CFMEU leader takes call to #changetherules to the International Labour Conference in Geneva

05 June 2018 02:13

 

Dave Noonan, National Secretary of the Construction and General Division of the CFMEU, and Vice-President of BWI Asia Pacific Region, addressed the International Labour Conference in Geneva, sharing the union’s resistance to the Australian Government’s anti-people agenda and the union's demand to #changetherules for better and more secure jobs. 

The CFMEU and other construction unions have been in the direct firing line of that agenda, including being targeted by a Royal Commission, an industry-specific “watchdog” that violates workers’ basic human and worker rights, as well as other special rules intended to limit their effectiveness.

“Last year the CFMEU, the ACTU and the BWI filed a joint complaint to the ILO Committee on Freedom of Association regarding the Australian Building and Construction Commission (ABCC)”, said Noonan.

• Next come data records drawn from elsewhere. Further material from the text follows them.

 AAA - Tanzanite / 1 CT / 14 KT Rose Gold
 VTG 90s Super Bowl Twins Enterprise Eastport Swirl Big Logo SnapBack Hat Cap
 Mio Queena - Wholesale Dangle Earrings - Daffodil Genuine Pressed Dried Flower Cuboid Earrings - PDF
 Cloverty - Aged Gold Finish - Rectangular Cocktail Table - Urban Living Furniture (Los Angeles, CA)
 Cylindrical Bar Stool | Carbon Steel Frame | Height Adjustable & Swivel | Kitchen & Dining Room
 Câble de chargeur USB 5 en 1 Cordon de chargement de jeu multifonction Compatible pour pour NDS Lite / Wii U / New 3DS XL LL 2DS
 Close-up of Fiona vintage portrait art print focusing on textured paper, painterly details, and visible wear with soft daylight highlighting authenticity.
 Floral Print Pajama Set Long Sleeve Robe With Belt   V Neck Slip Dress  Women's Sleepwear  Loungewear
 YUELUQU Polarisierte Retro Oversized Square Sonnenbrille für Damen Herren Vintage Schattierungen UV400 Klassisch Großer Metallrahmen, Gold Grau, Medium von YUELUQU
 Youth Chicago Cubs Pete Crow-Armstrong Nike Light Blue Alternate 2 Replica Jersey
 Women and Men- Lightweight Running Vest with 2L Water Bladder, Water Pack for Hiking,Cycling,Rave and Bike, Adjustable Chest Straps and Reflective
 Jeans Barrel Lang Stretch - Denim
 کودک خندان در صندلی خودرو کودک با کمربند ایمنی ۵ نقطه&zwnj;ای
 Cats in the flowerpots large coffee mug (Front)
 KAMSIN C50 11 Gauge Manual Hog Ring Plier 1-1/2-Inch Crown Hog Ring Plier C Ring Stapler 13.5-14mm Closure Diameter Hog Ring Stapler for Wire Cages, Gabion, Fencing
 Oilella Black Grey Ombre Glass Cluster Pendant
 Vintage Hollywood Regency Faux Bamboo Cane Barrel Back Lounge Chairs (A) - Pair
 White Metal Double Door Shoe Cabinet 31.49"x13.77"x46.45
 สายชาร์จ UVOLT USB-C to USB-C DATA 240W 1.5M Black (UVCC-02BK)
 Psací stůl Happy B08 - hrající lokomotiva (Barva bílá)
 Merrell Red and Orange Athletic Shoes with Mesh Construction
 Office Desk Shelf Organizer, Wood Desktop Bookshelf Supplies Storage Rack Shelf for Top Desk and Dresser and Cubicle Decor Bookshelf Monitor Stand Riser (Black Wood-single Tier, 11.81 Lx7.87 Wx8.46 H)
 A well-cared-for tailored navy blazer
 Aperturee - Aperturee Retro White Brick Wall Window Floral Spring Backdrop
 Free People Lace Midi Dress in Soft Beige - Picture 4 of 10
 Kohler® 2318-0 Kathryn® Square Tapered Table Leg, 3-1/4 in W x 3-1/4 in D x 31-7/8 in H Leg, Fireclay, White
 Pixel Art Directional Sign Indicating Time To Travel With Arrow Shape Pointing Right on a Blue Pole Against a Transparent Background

Noonan described how the Australian Building and Construction Commission (ABCC) massively increases penalties for so-called ‘unlawful industrial action’ and grants coercive investigative powers in violation of the right to silence.

“Despite the millions spent to try and hold us back, this poorly orchestrated attack on construction workers’ rights is falling to pieces”, said Noonan, “while our trade union movement is going from strength to strength.”

Noonan also mentioned the efforts of trade unions in the Philippines “exposing the dictatorial tendency of President Duterte and making him accountable to more than 13,000 deaths on the fake war against drugs and failing to fulfil his election promise to end contractualisation.”

He also noted the struggles of unions in Cambodia, Fiji, and South Korea to ensure their governments comply with core. ILO Conventions.

Noonan ended his intervention announcing the support of BWI for the adoption of an ILO Convention, accompanied by a Recommendation, on “Violence and harassment against women and men in the world of work”, with a strong focus on the gender dimension of violence.